There are very few directors (and no actors) whose films I’ll watch simply because of their involvement. Fritz Lang, though, seems to have joined that list.
The first film of his that caught my interest was Metropolis, several years ago and, I’ll admit, primarily due to the anime connection. I enjoyed it and even wrote a paper on it for a film class in my freshman year at university, but for whatever reason didn’t follow-up with any of his other films until recently, when I watched M and then, just yesterday, The Testament of Dr. Mabuse.
Both films remind me of film noir in both their visual style and tone. Most of the characters are criminals, and both have a dark look to them with lots of shadows. Mabuse even has that noir visual trope of the shadows of Venetian blinds going across a character’s face. I can’t quite put my finger on why, but they also feel more modern to me than the Hollywood movies I’ve seen from the same time frame, but perhaps that simply owes to a relatively small sample size on my part.
Unfortunately, Dr. Mabuse’s plot to save the world by destroying it reminded me of a Final Fantasy-style villain, but I guess that wasn’t a trope yet in 1933, so whatever.

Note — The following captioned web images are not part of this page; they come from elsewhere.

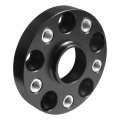 Scc Wheel Spacers 2x20mm 5x120 13286bws For Bmw X5 X6 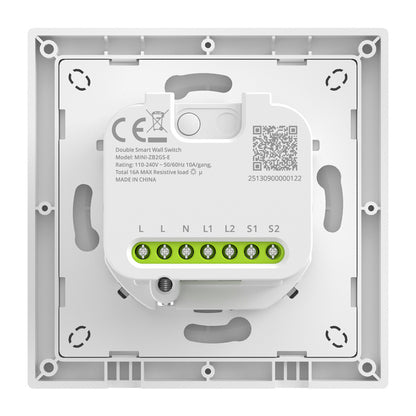 SONOFF MINI-ZB2GS-E ZigBee Dual Channel Wall Switch._2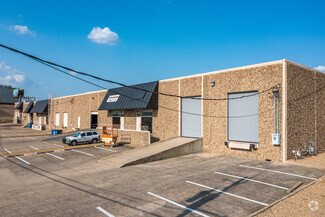 More details for 11510-11530 Grissom Ln, Dallas, TX - Industrial for Rent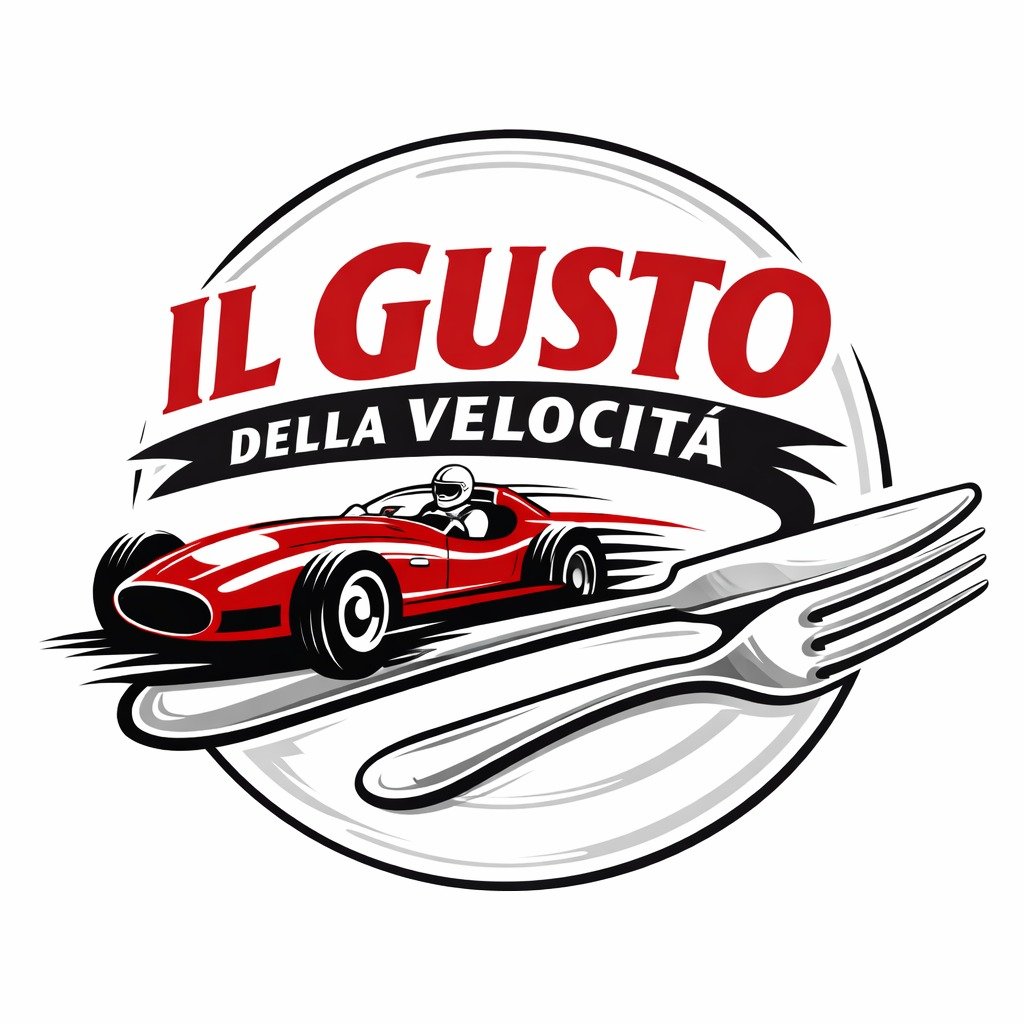 "Il gusto della velocità", una mostra sul legame tra piacere della tavola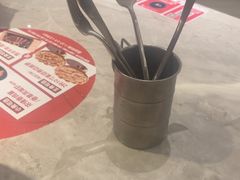 -必胜客(华辰店)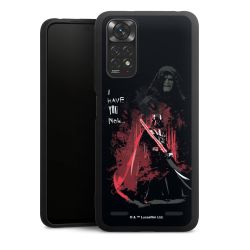 New Carry Case Hülle mattschwarz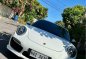 Selling Pearl White Porsche 911 2015 in Muntinlupa-1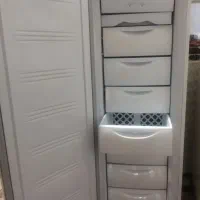 تمام فریزر بدون برفک امرسان قیمتش 6میلیون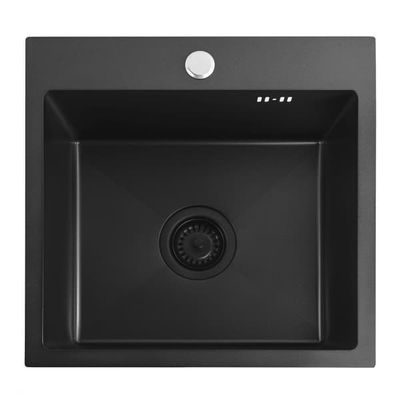 Diskho Leo 40 Svart REA 45x35x19cm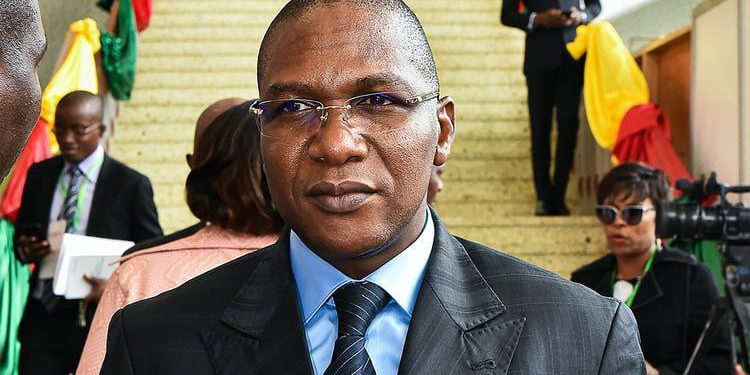 Health Minister on COVID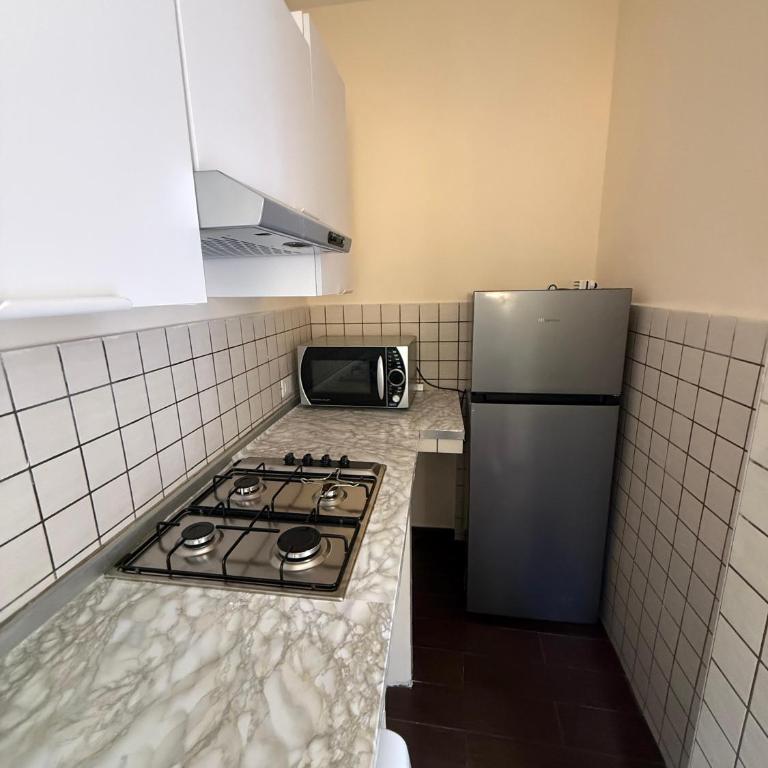 Casa vacanze Baglioni - Appartamento con 2 Camere da Letto - 3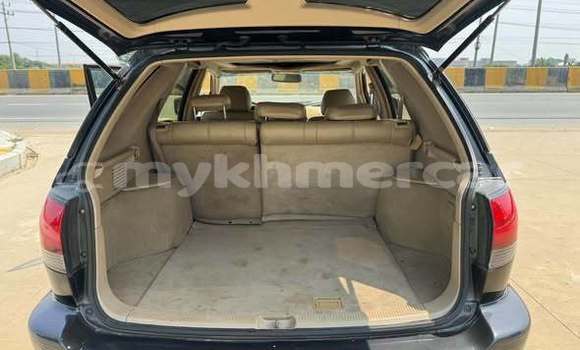Buy Used Lexus RX 300 Other Car in Bavet in Svay Rieng Province Buy Used Lexus RX 300 Other Car in Bavet in Svay Rieng Province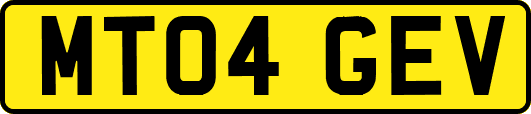 MT04GEV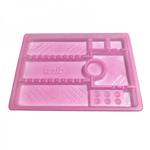 Dr West Disposable Tray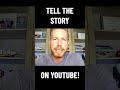 Tell Your Story on YouTube To Make the Most Impact | Real Estate Agent Training #shorts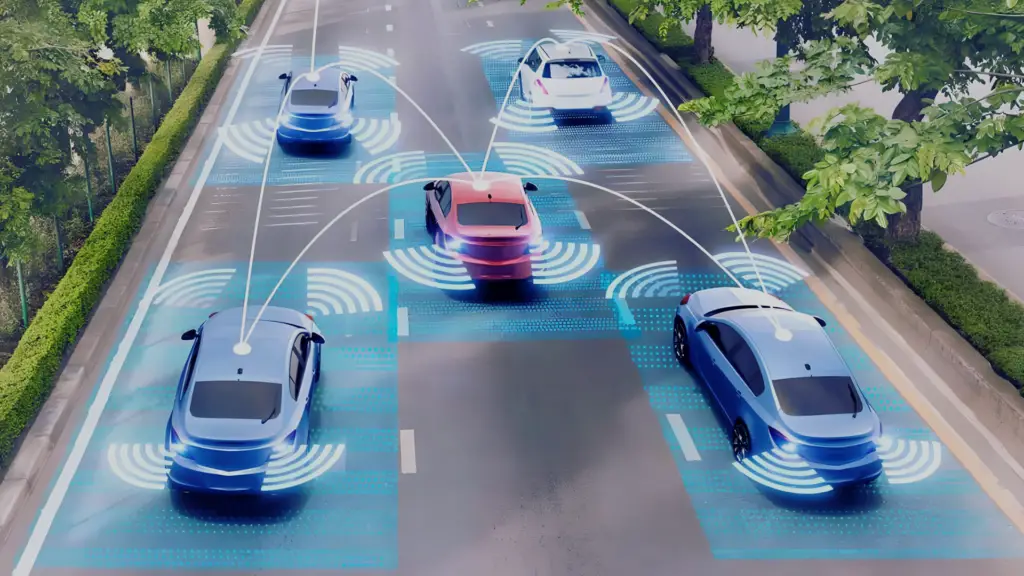 ADAS Systems
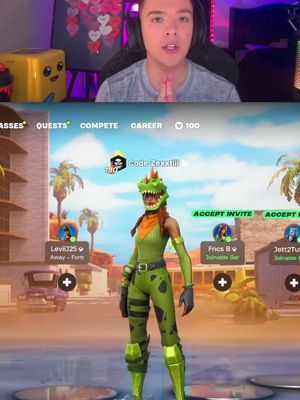 WE ARE LIVE COME JOIN UP (: #fortnite #fortniteclips #live #fortnitebr #fortniteog 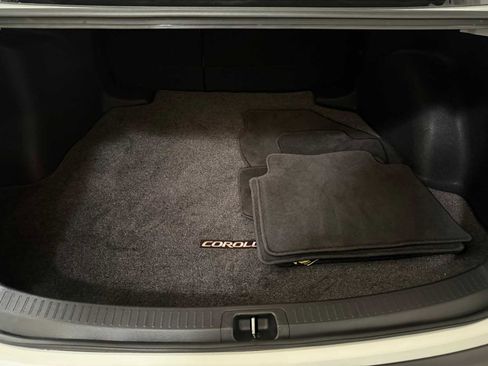 Certified 2023 Toyota Corolla SE image 24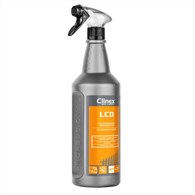 CLINEX LCD Do czyszczenia ekranów LCD 1L (76/6/1)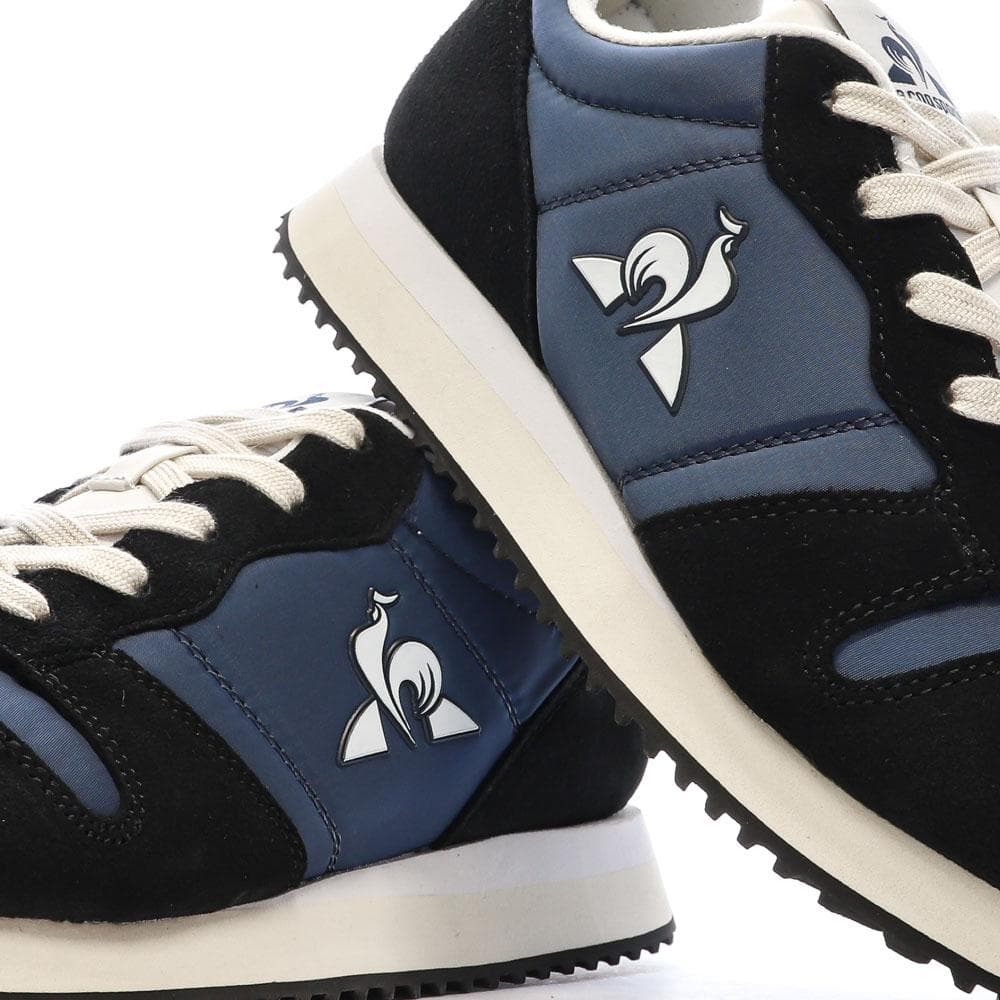 Baskets Marines Homme Le Coq Sportif Platinium 2 7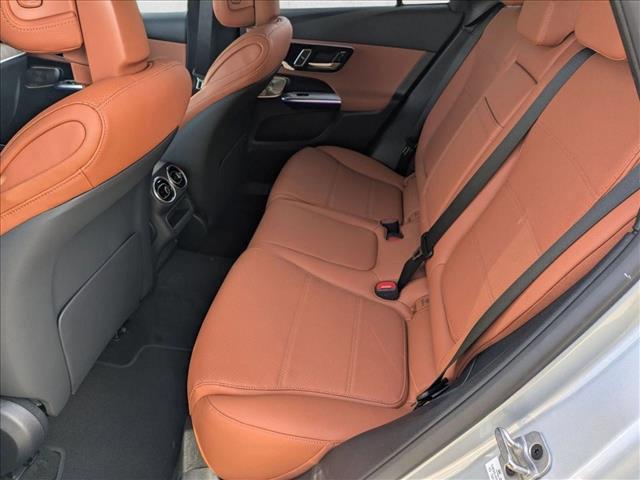 new 2026 Mercedes-Benz GLC 300 car, priced at $58,270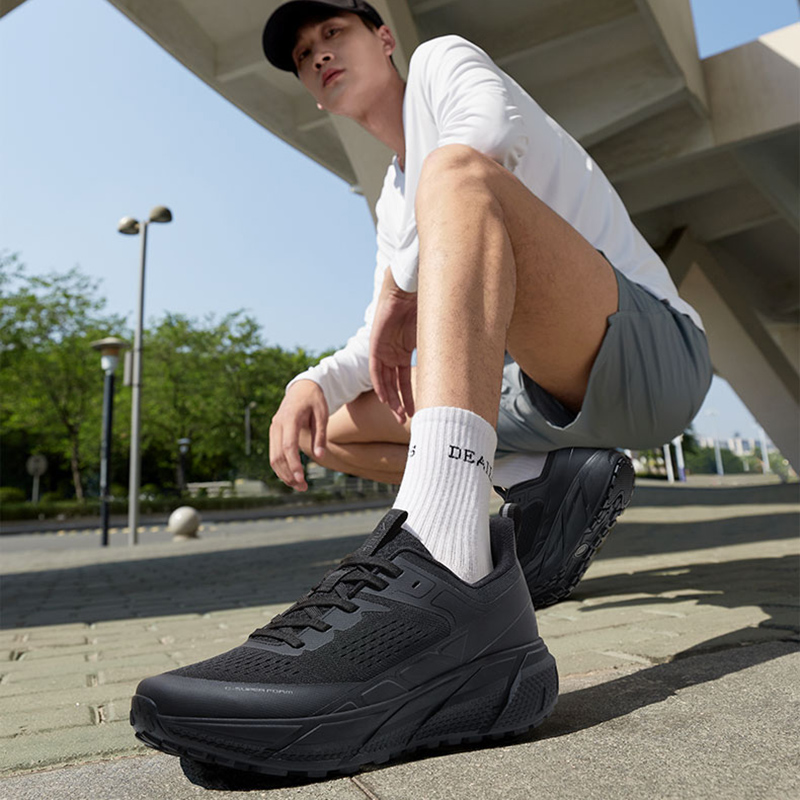 GODLEN CAMEL Sports Running Sh - огляд і ціна New Balance Shoes 9060
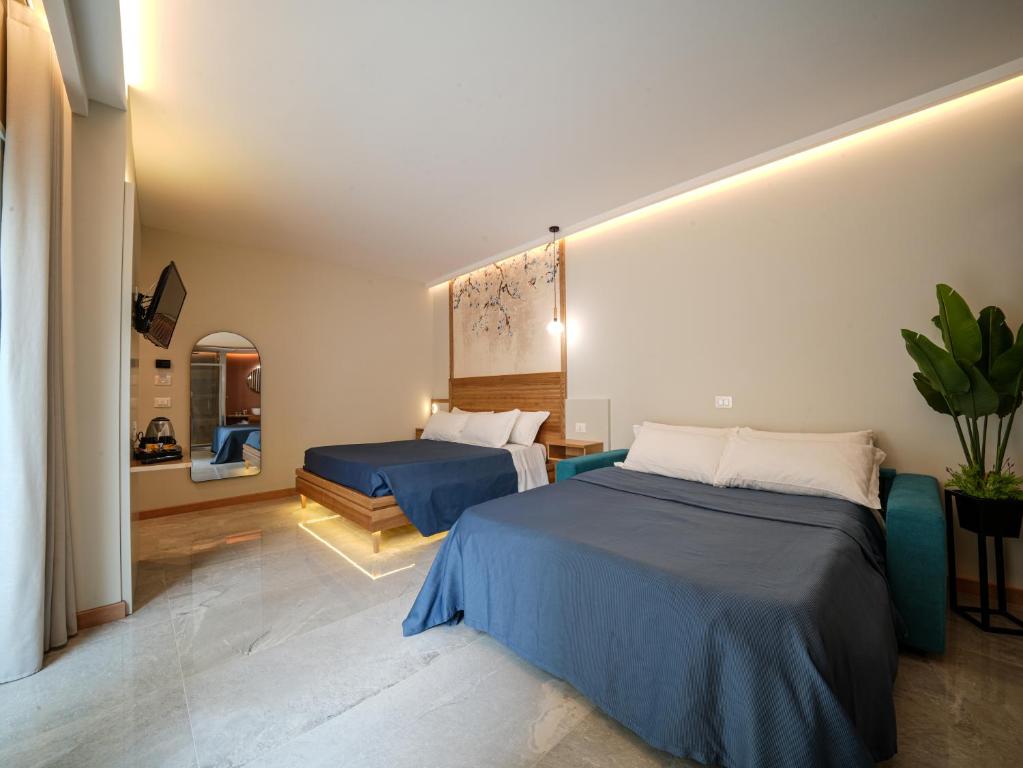 Cuore di Tropea B&B - 18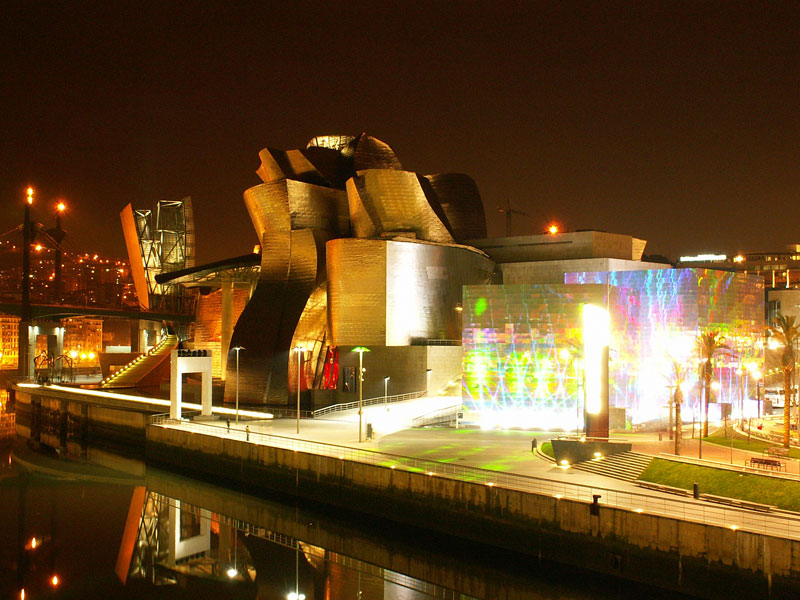 Guggenheim Museum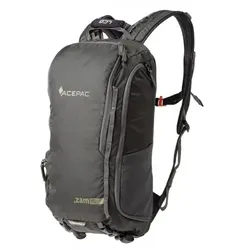 Acepac Zam Exp MKIII 15 l Rucksack Grey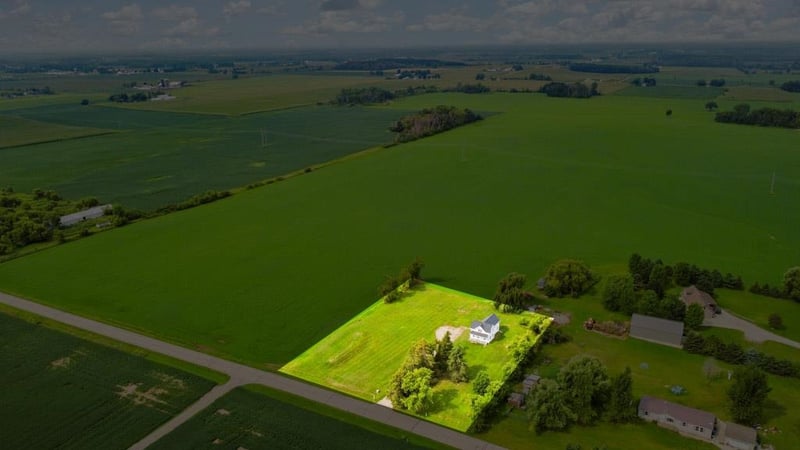 N2265 Lawn Rd, Pulaski, WI 54162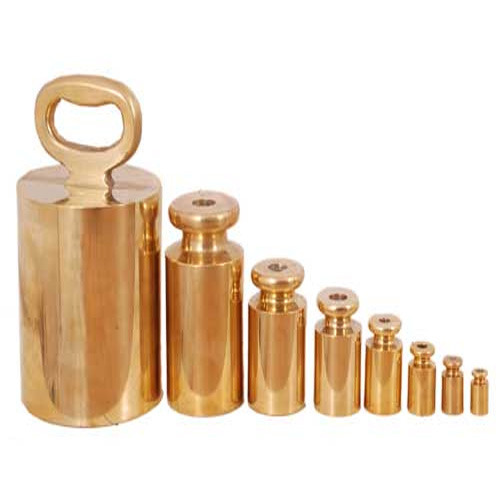 Brass Weight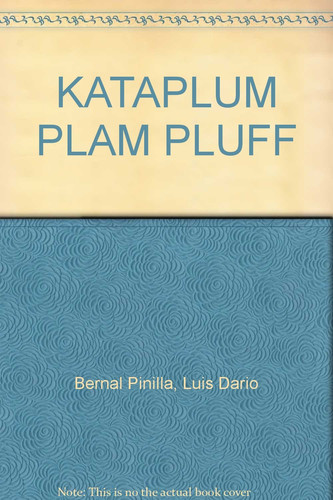 Kataplum plam pluff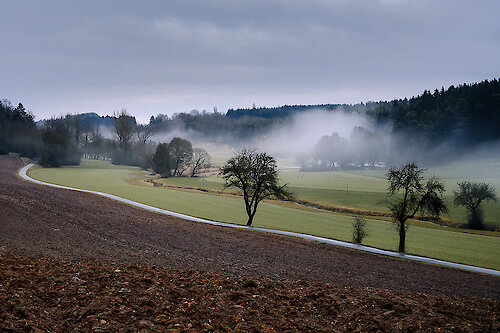 Urlaub Amberg im Bayerischen Jura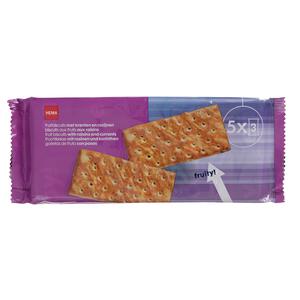 Hema 15-pak fruitbiscuit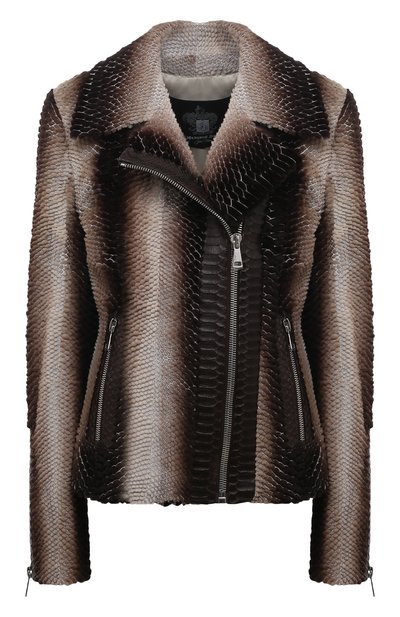 Куртка из меха норки JULIA DILUA, арт. 2022-0126, фото 1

One thing I like about M, Mabuse, and some film noir for that matter, is that they do a good job portraying criminals in a way that’s believable and, sometimes, almost sympathetic, without glamourising them or making them the “heroes” of the films. In M, for example, the paedophile and child-murderer is certainly the villain, yet we can also recognise that the vigilante justice the mafia tries to impose on him isn’t quite fair.
On a final, side note, one oddity that I noticed is that the police inspector in both M and Mabuse is played by the same man, Otto Wernicke. Not only that, in both films the character’s name is “Lohmann.” Are these two movies supposed to be in continuity with each other? Lang seems to have made a few movies around the character Dr. Mabuse, so I guess it’s possible. Stranger, perhaps, is that I struggle to remember any but the most famous contemporary actors, yet I managed to pick out this German actor from the 1930’s.